Megawati Lakukan Ziarah ke Makam Bung Karno, Tradisi Mengenang Sang Ayah
Kegiatan tersebut menjadi bagian dari tradisi rutin yang kerap dilakukan Megawati untuk mengenang jasa dan perjuangan Bung Karno sebagai pendiri bangsa.
Ketua Umum PDI Perjuangan Megawati Soekarnoputri kembali melakukan ziarah ke makam ayahandanya, Proklamator Republik Indonesia Bung Karno, di Blitar, Jawa Timur, pada Minggu (14/6/2026).
Kegiatan tersebut menjadi bagian dari tradisi rutin yang kerap dilakukan Megawati untuk mengenang jasa dan perjuangan Bung Karno sebagai pendiri bangsa.

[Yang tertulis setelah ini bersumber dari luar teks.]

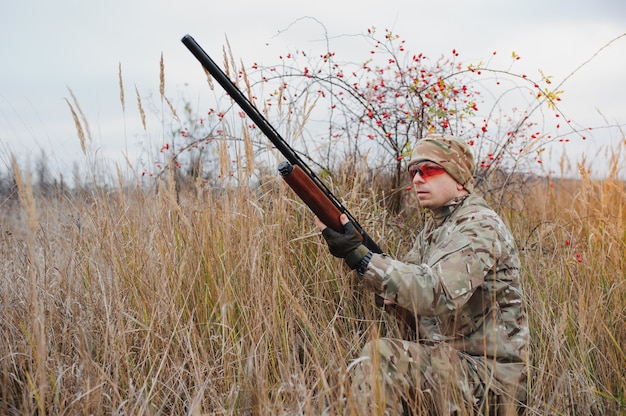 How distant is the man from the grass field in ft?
0.77

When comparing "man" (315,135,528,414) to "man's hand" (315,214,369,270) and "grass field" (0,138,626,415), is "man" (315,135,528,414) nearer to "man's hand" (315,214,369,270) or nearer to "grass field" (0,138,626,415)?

Megawati tiba di Blitar usai mendarat di Bandara Kediri dari Bali. Dari bandara, rombongan langsung bergerak menuju Kompleks Makam Bung Karno.

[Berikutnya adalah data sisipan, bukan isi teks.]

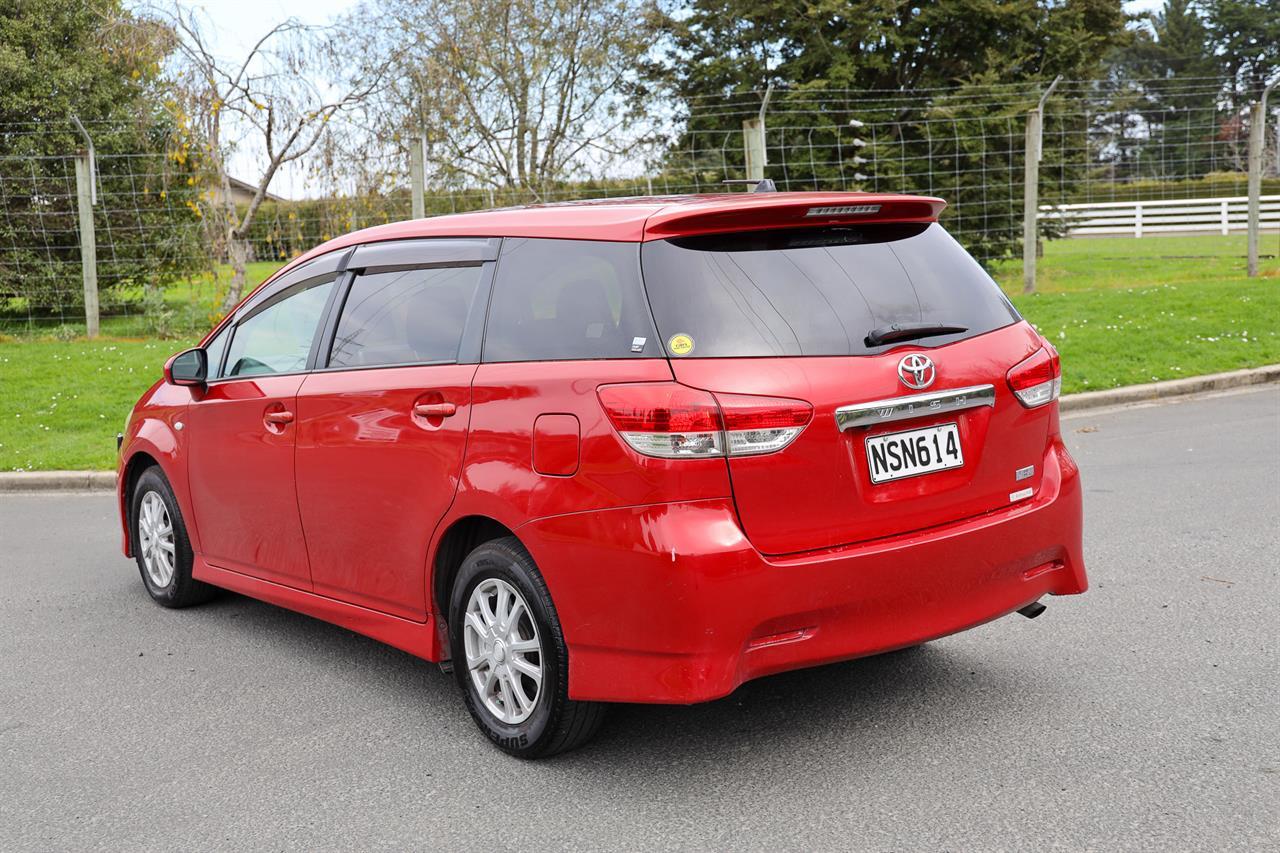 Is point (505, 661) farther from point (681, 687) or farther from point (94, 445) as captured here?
point (94, 445)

Dalam ziarah tersebut, Megawati didampingi putranya M. Prananda Prabowo, cicitnya, serta sejumlah anggota keluarga besar Bung Karno, di antaranya Puti Guntur Soekarno dan Romy Soekarno.
Prosesi Doa di Kompleks Makam
Sejumlah petinggi PDIP juga tampak hadir mendampingi antara lain Sekretaris Jenderal PDIP Hasto Kristiyanto, Ketua DPP PDIP Deddy Yevri Sitorus, Darmadi Durianto, Ronny Talapessy, dan Said Abdullah.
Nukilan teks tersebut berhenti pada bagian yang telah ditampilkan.